New health law frustrates many in the middle class

They are not poor enough for financial help, but not rich enough to be indifferent to cost.

NEW YORK TIMES NEWS SERVICEDecember 21, 2013 

Ginger Chapman and her husband, Doug, are sitting on the health care cliff.

The cheapest insurance plan they can find through the new federal marketplace in New Hampshire will cost their family of four about $1,000 a month, 12 percent of their annual income of around $100,000 and more than they have ever paid before.

Even more striking, for the Chapmans, is this fact: If they made just a few thousand dollars less a year — below $94,200 — their costs would be cut in half, because a family like theirs could qualify for federal subsidies.

The Chapmans acknowledge that they are better off than many people, but they represent a little-understood reality of the Affordable Care Act. While the act clearly benefits those at the low end of the income scale — and rich people can continue to afford even the most generous plans — people like the Chapmans are caught in the uncomfortable middle.
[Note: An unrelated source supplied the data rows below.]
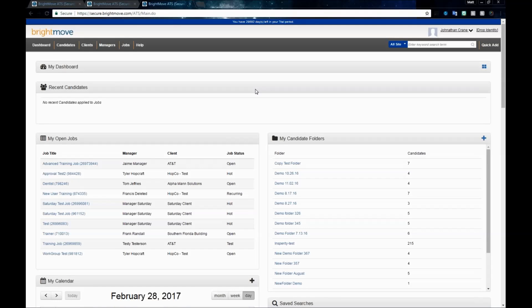Welcome to the BrightMove SourceJet tutorial video. In today's video, we're going to cover the SourceJet sourcing tool, what it is, how to access it, and how to use it.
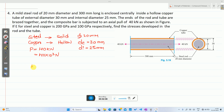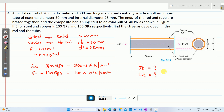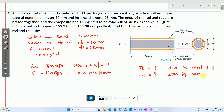Young's modulus of steel is 200 GPa, which is 200 × 10³ N/mm². Young's modulus of copper is 100 GPa, which is 100 × 10³ N/mm². It is required to calculate the stresses developed in the rod and the tube, which means sigma_s (stress in steel rod) and sigma_c (stress in copper tube) have to be calculated.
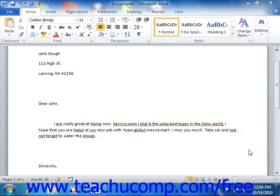Word provides you with a tool that helps you to quickly identify and correct misspelled words and grammatical errors in your documents. It is the spelling and grammar tool. As its name clearly states, this tool identifies and corrects both spelling and grammar errors in your document. The nature of the spelling and grammar tool is twofold.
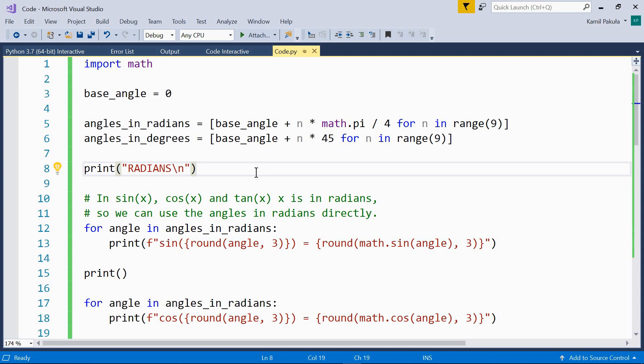Hi! In this video we'll have a look at the basic trigonometric functions. The three basic trigonometric functions are sine, cosine and tangent. They are available in the math module.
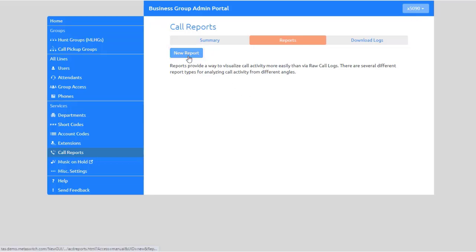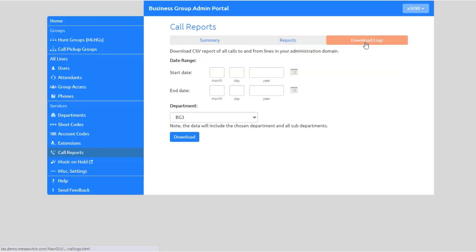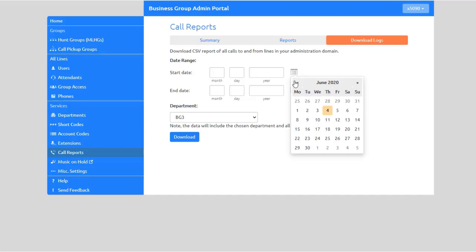On the Download Logs tab, you can download a report of all calls made to or from lines in the business group or a specific department. To export a report of your call logs, which displays call history for the users within your business group, enter the start and end date, or use the Calendar tool to select the dates to include on the report.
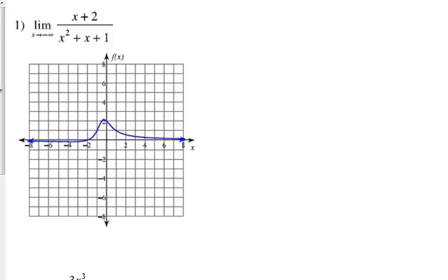This limit is the limit as we approach negative infinity, so we're talking about as we go to the far left of our function — where are our y-values headed? We have the picture, so where does it look like the y-values are going? They're hovering right around zero.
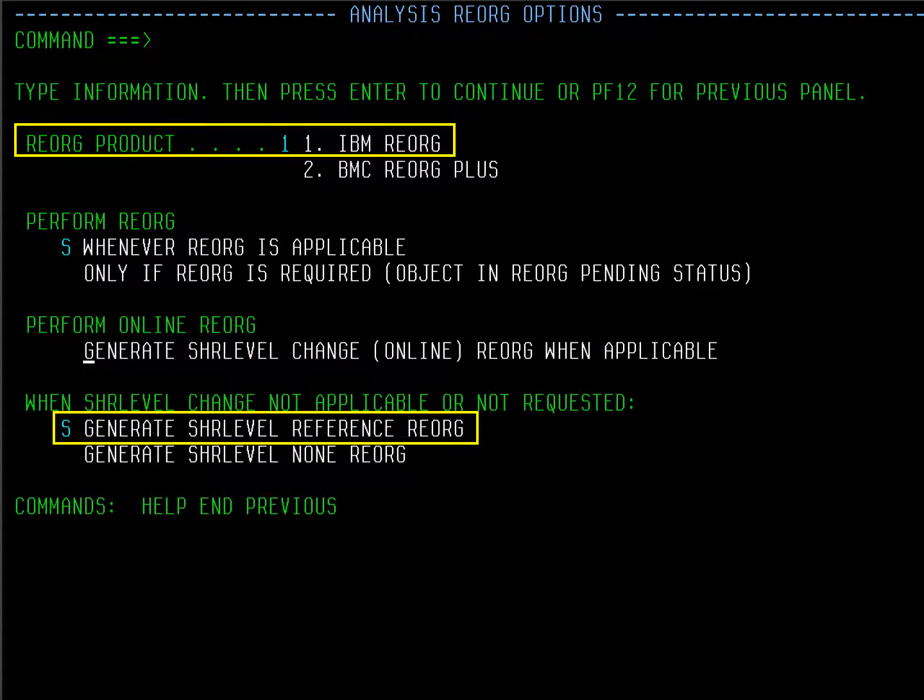This panel is for the Reorg if needed. I will take the advantage of the pending DDL option available with DB210. I selected to use IBM Reorg Utility and use Share Level Reference. Press Enter.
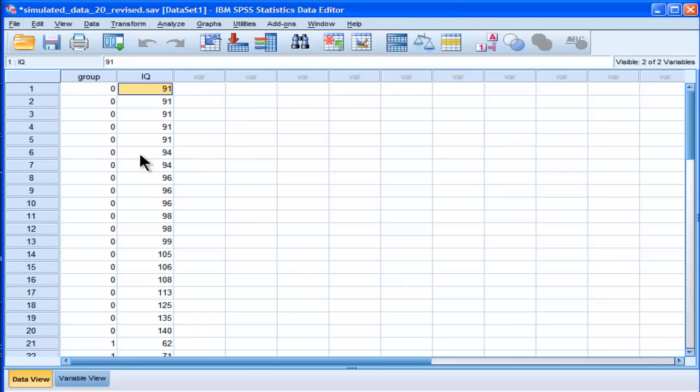I'll show you how to do it on the ranks, which is the nonparametric Levene's test, which is the most robust when you have skewed data.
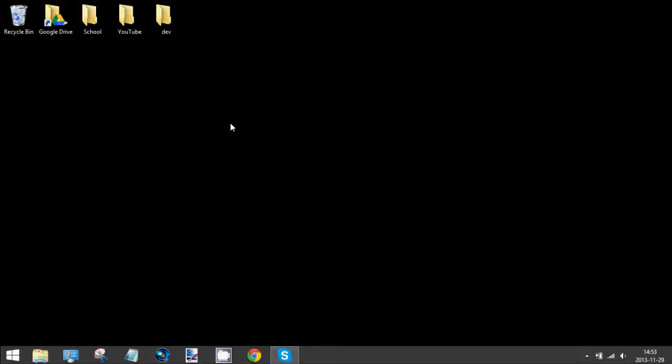Hello YouTube, I'm going to show you how to disable the start screen in Windows 8.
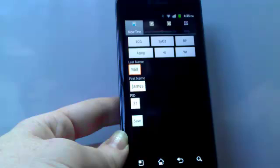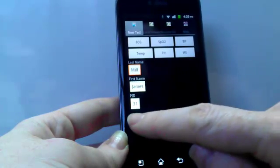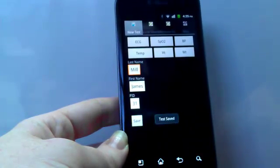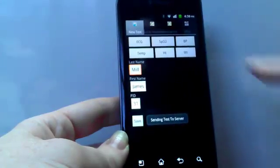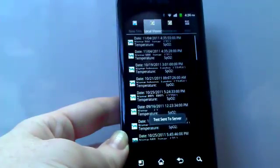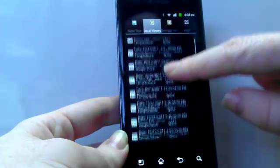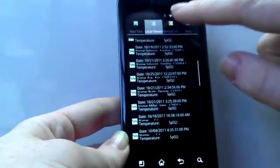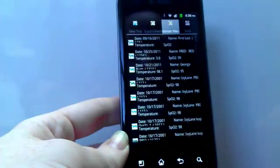Once all tests are complete for a patient, hit the Save button and the information will save all the data to the patient chart and also to our online Cardio Remote account. To review all patient data you've collected, tap the remote button. This will access your full patient database for your user account.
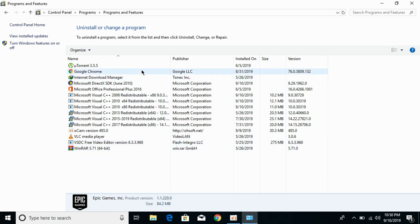And now Fortnite has also been uninstalled from your PC. So I hope you have learned how to uninstall or remove Fortnite on PC. But before you go, please like, subscribe, and share. Thank you.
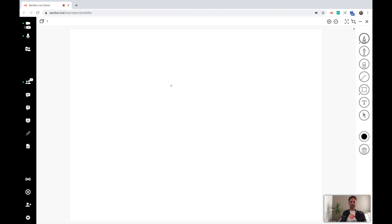The whiteboard opens up in full screen, the videos move down to the bottom right, and we are ready to collaborate.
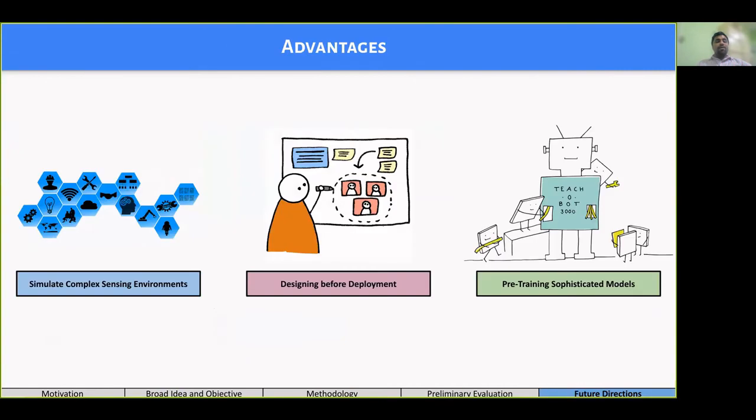Undoubtedly, there are several advantages like prior assessment of the environment and pre-training of the models before their actual deployment and data collection.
“We are just right over that line,” said Ginger Chapman, who is 54 and does administrative work for a small wealth management firm. Because their plan is being canceled, she is looking for new coverage for her family, which includes her husband, 55, a retired fireman who works on a friend’s farm, and her two sons.

“That’s an insane amount of money,” she said of their new premium. “How are you supposed to pay that?”

An analysis by The New York Times shows the cost of premiums for people who just miss qualifying for subsidies varies widely across the country and rises rapidly for people in their 50s and 60s. In some places, prices can quickly approach 20 percent of a person’s income.

Experts consider health insurance unaffordable once it exceeds 10 percent of annual income. By that measure, a 50-year-old making $50,000 a year, or just above the qualifying limit for assistance, would find the cheapest available plan to be unaffordable in more than 170 counties around the country, ranging from Anchorage, Alaska, to Jackson, Miss.

A 60-year-old living in Polk County, in northwestern Wisconsin, and earning $50,000 a year, for example, would have to spend more than 19 percent of his income, or $9,801 annually, to buy one of the cheapest plans available there. A person earning $45,000, meanwhile, would qualify for subsidies and would pay about 5 percent of his income, or $2,228, for an inexpensive plan.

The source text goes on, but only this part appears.